I write this in the deadline crunch as we tape up printouts of every page on an office wall for the “Walter review,” the moment of truth for every issue of IDEAS—the magazine that was Walter Isaacson’s brainchild, one of countless creations in his 14 years at the Institute. IDEAS is a window onto the life of the Institute, one that’s a mainstay of life inside and outside its many offices, particularly the Washington headquarters from which I write.
By the end of the year, we will have new offices—a countdown clock in the kitchen tells us not just how many days but how many minutes and seconds until our mid-December move—and likely a new leader. As spring began, Walter announced his decision to split his time between his home city of New Orleans, where he will be a University Professor in the history department of Tulane University and New York City, where he will be an Advisory Partner at Perella Weinberg, the financial-services firm where Bob Steel, the Institute’s most recent board chair, is CEO.
The wall review is a ritual of every print magazine, that vanishing species. I first met Walter when he was barely out of college and I wasn’t quite finished; we both worked at print magazines for decades, he of course becoming managing editor of Time (editor-in-chief at any other magazine), I at The Atlantic, where I am still a senior editor and sprint between our offices numerous times every week. At the wall review, un-euphonious headlines get rewritten, unharmonious layouts reworked, subtle emphases shifted, knotty text passages unknotted, mentions of recent Institute events too late for our deadlines squeezed into packed layouts. It’s a lot of work compressed into a short window of time. It’s also an exhilarating joy. We’re full-fledged citizens of the digital world. Walter has been one of its most foresighted chroniclers and, in his Time days, pioneers. But anyone lucky enough to get a taste for print never loses it.

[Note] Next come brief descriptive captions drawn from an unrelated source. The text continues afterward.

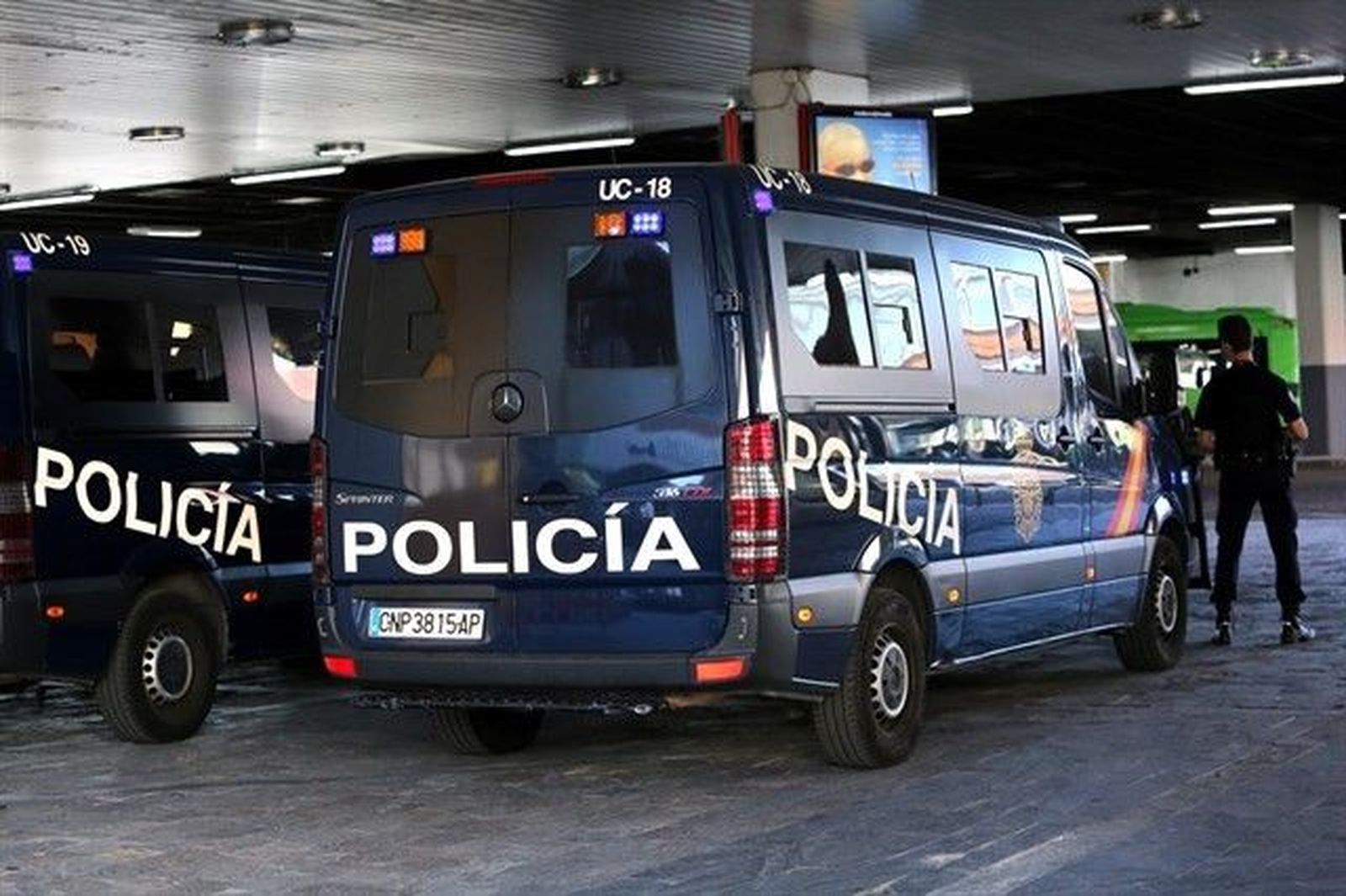 Furgones de Policía Nacional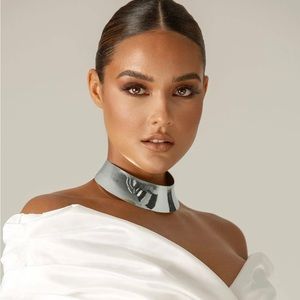 ALIEVA LILY NECKLACE SILVER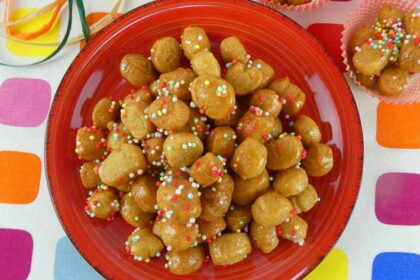 Struffoli con stevia e sciroppo d'agave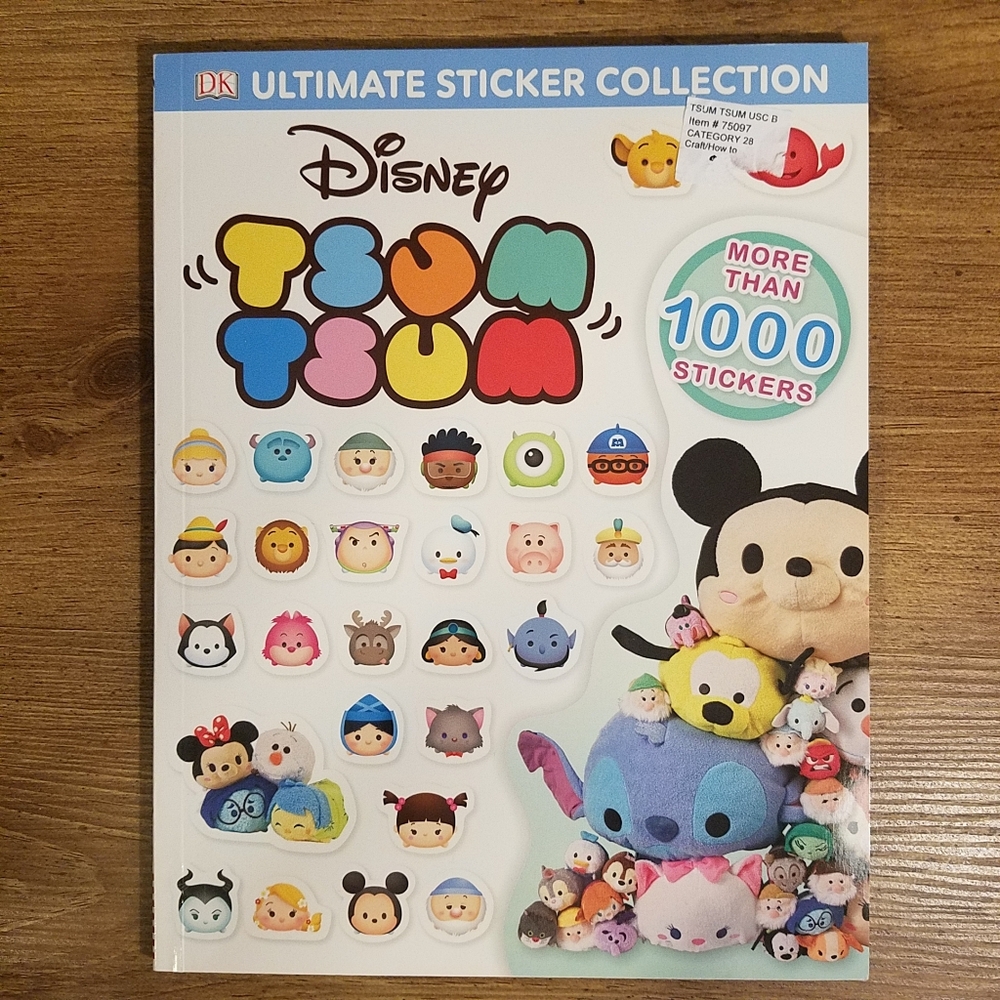 Disney Tsum Tsum Ultimate Sticker Collection Book DK Activity Book 1000+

We all look forward to working with a new leader who will bring a new vision to the Institute and set us moving down new, exciting paths. And who will bring that vision to the wall review on our new walls, which is about the most fun a working person can conjure up. But we’re enjoying every moment we’ve got, even if there isn’t a countdown clock to welcome our arrival. IDEAS will present its own Walter review in our next issue, our annual Summer at Aspen issue, another Walter creation. For now I’ll quote a short paragraph from a marvelous and heartfelt tribute that Trustee Madeleine Albright read at the conclusion of the spring board meeting in Chicago, at Board Chair Jim Crown’s request: “This is what makes Walter so special—he is not just a dreamer; he is a doer. And what he has done for Aspen, and with Aspen, has been nothing short of spectacular.”